Alternatively, if you’re using MS SQL Server, this is basically what SSIS is built for, though in my experience, most programmers find SSIS quite tedious.

Answer:

I had originally intended this just as a comment but ran out of space. It’s in reply to Micah’s answer and your first comment therein.

The biggest problem here is the amount of XML mapping would equal that of the manual mapping in code

  • Consider building a small tool that, given an Excel file with two
    columns, produces the XML mapping file. Now you can offload the
    mapping work to the vendor, or an intern, or indeed anyone who has a
    copy of the requirement doc for a particular vendor project.

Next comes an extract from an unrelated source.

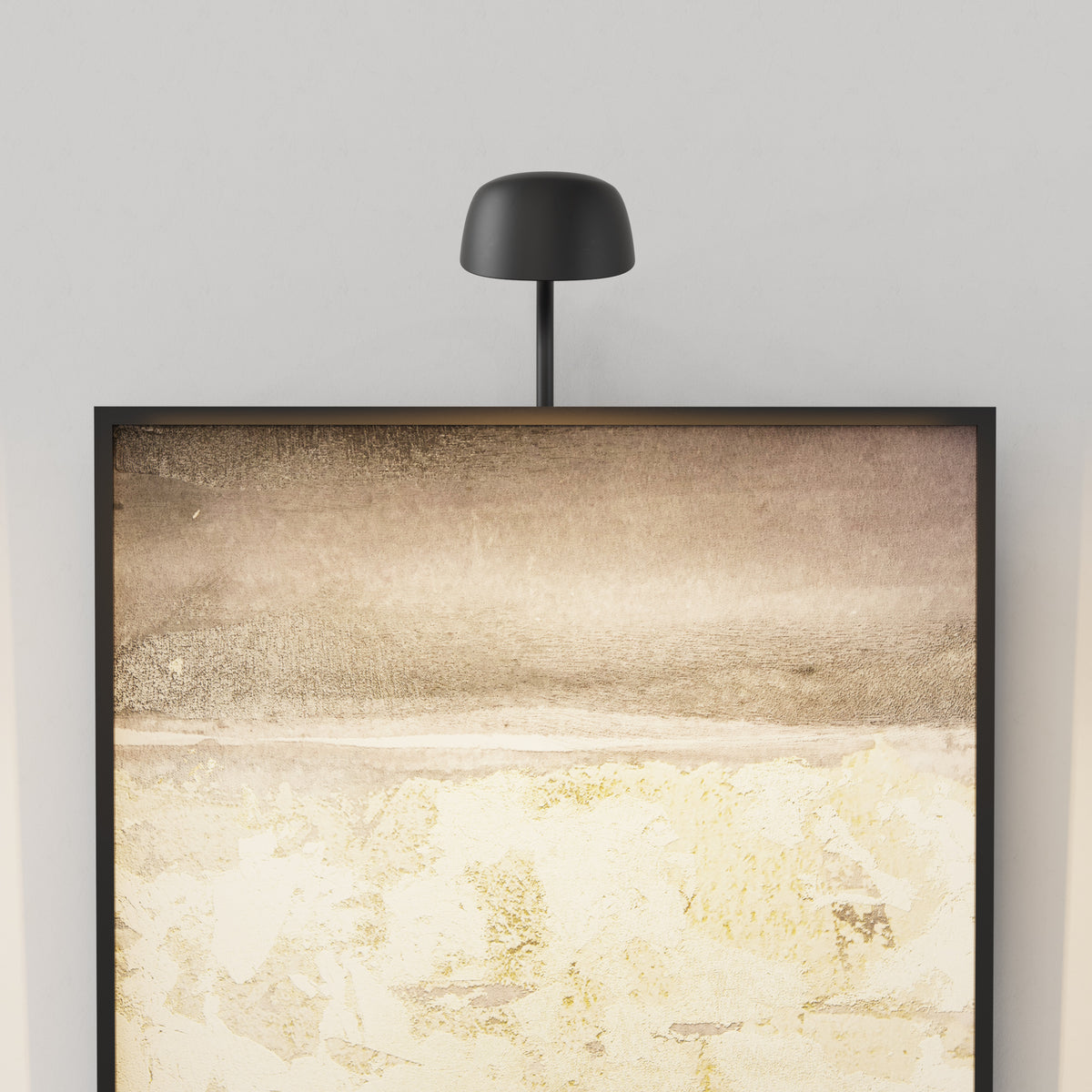 Monet 250 LED Picture Light in Matt Black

  • Since the file is then loaded at runtime in your import app or
    whatever, you can change the mappings without having to redeploy the
    app.

  • Having used exactly this kind of system many, many times in the past,
    I can tell you this: you will be very glad you took the time to do
    it – especially the first time you get a call right after deployment
    along the lines of “oops, we need to add a new column to the data
    we’ve given you, and we realised that we’ve misspelled the 19th
    column by the way.”

  • About the only thing that can perhaps go wrong is data type
    conversions, but you can build that into the mapping file (type
    from/to) and generalise your import routine to perform the
    conversions for you.

Just my 2c.

Answer:

A while ago I ran into similar problem where I had over 400 columns from 30 odd tables to be mapped to about 60 in the actual table in the database. I had the same dilemma whether to go with a schema or write something custom.

There was so much duplication that I ended up writing a simple helper class with a couple of overridden methods that basically took in a column name from import table and spit out the database column name. Also, for column names, I built a separate class of the format

public static class ColumnName
{
  public const string FirstName = "FirstName";
  public const string LastName = "LastName";
  ...
}

Same thing goes for TableNames as well.

This made it much simpler to maintain table names and column names. Also, this handled duplicate columns across different tables really well avoiding duplicate code.